Gut erhalten sind die Fundamente der Startrampen, die die Deutsche Wehrmacht gegen Ende des Zweiten Weltkrieges am Asberg baute.

Foto: Frank Homann

"Auf Grund neuer Einsatzrichtlinien ist Einsatz einer Batterie aus den Stellungen nordostwärts Remagen notwendig geworden", heißt es militärisch knapp. Die Stellungen 325 bis 328 seien "beschleunigt auszubauen", ein Teil jener Stellungen also, die im Erpeler Kirchspielwald am Asberg und um das "Auge Gottes" bei Rheinbreitbach in der gebotenen Schnelle und unter höchster Geheimhaltungsstufe errichtet werden sollten.

Das Ziel: der Abschuss von "Vergeltungswaffen" (V 1-Waffen), um das Vordringen der Alliierten zu erschweren. "Eine Terrorwaffe, die letztlich in Erpel aber nicht zum Einsatz gekommen ist", sagt Jakob Sieger, Schreibwarenhändler aus Königswinter.
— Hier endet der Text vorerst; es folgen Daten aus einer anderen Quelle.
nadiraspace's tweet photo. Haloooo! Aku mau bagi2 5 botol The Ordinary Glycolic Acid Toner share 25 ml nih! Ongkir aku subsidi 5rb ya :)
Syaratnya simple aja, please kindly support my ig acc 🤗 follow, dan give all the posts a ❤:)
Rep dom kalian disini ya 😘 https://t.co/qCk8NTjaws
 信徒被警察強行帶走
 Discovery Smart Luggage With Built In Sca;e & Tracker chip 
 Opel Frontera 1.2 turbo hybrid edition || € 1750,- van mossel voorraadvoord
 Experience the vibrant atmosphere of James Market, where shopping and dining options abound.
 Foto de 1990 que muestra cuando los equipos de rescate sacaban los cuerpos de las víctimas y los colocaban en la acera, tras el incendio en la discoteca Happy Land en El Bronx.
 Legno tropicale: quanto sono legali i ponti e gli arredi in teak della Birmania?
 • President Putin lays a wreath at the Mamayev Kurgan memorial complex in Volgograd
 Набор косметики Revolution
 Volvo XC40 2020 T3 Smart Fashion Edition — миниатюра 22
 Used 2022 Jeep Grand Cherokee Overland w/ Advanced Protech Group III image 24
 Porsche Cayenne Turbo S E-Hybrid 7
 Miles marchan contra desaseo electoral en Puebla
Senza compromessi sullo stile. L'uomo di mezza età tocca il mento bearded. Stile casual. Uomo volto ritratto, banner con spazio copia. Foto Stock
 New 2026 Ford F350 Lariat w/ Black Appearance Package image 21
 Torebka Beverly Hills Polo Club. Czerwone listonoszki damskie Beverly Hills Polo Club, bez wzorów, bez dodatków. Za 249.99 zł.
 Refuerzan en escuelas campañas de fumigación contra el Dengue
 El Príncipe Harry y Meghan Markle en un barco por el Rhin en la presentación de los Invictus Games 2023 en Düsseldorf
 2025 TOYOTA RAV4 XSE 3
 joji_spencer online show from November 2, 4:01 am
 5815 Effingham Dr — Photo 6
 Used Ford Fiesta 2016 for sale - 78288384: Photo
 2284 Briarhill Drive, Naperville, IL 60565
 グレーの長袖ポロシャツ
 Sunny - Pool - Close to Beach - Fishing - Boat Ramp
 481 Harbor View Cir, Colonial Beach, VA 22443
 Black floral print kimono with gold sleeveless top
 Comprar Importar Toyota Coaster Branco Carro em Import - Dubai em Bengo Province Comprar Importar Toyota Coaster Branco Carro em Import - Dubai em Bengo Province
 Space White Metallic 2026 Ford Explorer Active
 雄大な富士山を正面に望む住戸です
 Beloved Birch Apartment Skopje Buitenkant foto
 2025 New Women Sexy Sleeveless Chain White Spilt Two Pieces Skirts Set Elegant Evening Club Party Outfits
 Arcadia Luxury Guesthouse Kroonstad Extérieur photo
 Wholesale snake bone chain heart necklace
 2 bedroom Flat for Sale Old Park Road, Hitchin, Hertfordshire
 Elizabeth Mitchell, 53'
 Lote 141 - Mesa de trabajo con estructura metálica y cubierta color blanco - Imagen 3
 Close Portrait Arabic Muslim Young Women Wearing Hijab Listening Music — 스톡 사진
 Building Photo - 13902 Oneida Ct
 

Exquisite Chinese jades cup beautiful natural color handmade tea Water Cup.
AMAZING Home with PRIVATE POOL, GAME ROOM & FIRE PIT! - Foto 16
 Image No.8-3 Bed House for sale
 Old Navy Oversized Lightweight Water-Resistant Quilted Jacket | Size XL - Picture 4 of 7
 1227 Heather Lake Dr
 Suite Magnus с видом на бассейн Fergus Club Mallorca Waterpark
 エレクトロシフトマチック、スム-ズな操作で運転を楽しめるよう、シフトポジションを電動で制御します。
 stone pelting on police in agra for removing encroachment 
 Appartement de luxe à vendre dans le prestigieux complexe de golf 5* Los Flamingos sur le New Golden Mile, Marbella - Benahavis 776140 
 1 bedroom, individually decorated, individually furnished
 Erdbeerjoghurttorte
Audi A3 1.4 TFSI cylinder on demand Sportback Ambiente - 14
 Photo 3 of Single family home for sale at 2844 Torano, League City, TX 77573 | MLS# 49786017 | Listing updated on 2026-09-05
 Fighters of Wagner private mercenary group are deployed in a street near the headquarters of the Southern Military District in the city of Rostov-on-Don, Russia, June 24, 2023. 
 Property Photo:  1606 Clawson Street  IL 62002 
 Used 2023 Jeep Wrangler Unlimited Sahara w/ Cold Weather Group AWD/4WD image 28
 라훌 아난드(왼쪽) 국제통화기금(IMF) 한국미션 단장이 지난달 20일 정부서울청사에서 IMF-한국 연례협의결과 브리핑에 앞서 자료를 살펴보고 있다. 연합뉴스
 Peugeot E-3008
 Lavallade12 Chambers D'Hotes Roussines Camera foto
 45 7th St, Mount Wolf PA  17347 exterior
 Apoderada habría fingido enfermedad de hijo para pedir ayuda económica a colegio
Aus Interesse forscht er viel über den Zweiten Weltkrieg und seinen Verlauf in der Region. In dem Jahr, in dem den Amerikanern die Landung in der Normandie glückte, mussten die deutschen Militärs den hurtigen Vormarsch der Alliierten gen Osten hinnehmen. Die Brücke von Remagen - strategisch wichtiger Übergang über den Rhein - galt es auf Gedeih und Verderb zu verteidigen.

Aber noch dachten die deutschen Kriegstreiber Ende 1944 in weiteren Bahnen: "Am 9. Oktober erging der Befehl zur Erkundung von Stellungen im Raum Königswinter-Ittenbach-Honnef-Linz in Grundrichtung geografisch West", heißt es im 2010 erschienenen Beitrag "Feuerstellungen bei Bruchhausen", den Jakob Sieger für den Rheinischen Verein für Denkmalpflege und Landschaftsschutz verfasste.

Vor allem das belgische Antwerpen, von wo die Alliierten ihren Nachschub organisierten, sowie die strategisch wichtigen Städte Brüssel und Lüttich standen im Fokus.

Von den Feuerstellungen nahe Bruchhausen sollten die tückischen Flugbomben gestartet werden. Einer Waffe, die zwar wenig zielgerichtet abgefeuert werden konnte, aber einen gewaltigen Schaden in der Fläche anrichten konnte. Zuverlässig war sie nicht gerade. Von anderen Stellungen im Westerwald abgeschossene V 1 gingen mitunter viel zu früh runter. Deshalb nannte die Bevölkerung in der Eifel die Stellungen auch "Eifelschreck".

Die Nazis ließen sie von Zwangsarbeitern und Kriegsgefangenen unter gefährlichen Bedingungen zusammensetzen, die vielen das Leben kostete. In Nordfrankreich bauten die Deutschen verbunkerte Stellungen für solche Geschütze. Am Asberg war das anders: Schnell musste es gehen. Die Erkundung des Geländes dauerte bloß fünf Tage, nachdem der Befehl eingegangen war.

Das Unternehmen startete also unter größter Geheimhaltung. An einer Stellung auf dem Schweifelder Weg, so der Befehl, durften die neun für die 50 Meter lange Startrampe notwendigen Fundamente aus der Luft nicht zu erkennen sein.

Die Tarnung vor feindlichen Fliegern hatte oberste Priorität. Das kann man Anweisungen entnehmen, die genau vorschreiben, wie beim Wechsel der Jahreszeiten die Arbeit an den Fundamenten zu erfolgen habe. Die Versorgung sollte über die Bahnhöfe Kalenborn und Vettelschoß erfolgen.

Insgesamt schafften es die Deutschen, vier Feuerstellungen im Erpeler Kirchspielwald zu errichten. Als die 21. Batterie am 4. März 1945 den Befehl erhielt, am Asberg alles für den Einsatz vorzubereiten, war es schon zu spät. Sechs bis acht Tage wären nötig gewesen, um alles einzurichten - eine zu lange Vorbereitungszeit.

Denn am 7. März 1945 drangen die Amerikaner über die Ludendorff-Brücke (bekannt als Brücke von Remagen) auf die rechte Rheinseite nach Erpel vor. Sie überrollten die Deutschen förmlich.

Die Luftwaffe erkannte die Aussichtslosigkeit und hatte die Soldaten und das technische Gerät bereits mit der Bahn abtransportieren lassen. Da am Asberg keine Startrampen, sondern nur die Fundamente standen, sahen die Alliierten es nicht für sinnvoll an, die Stellungen zu sprengen. "Sie sind heute die besterhaltensten ihrer Art", sagt Jakob Sieger.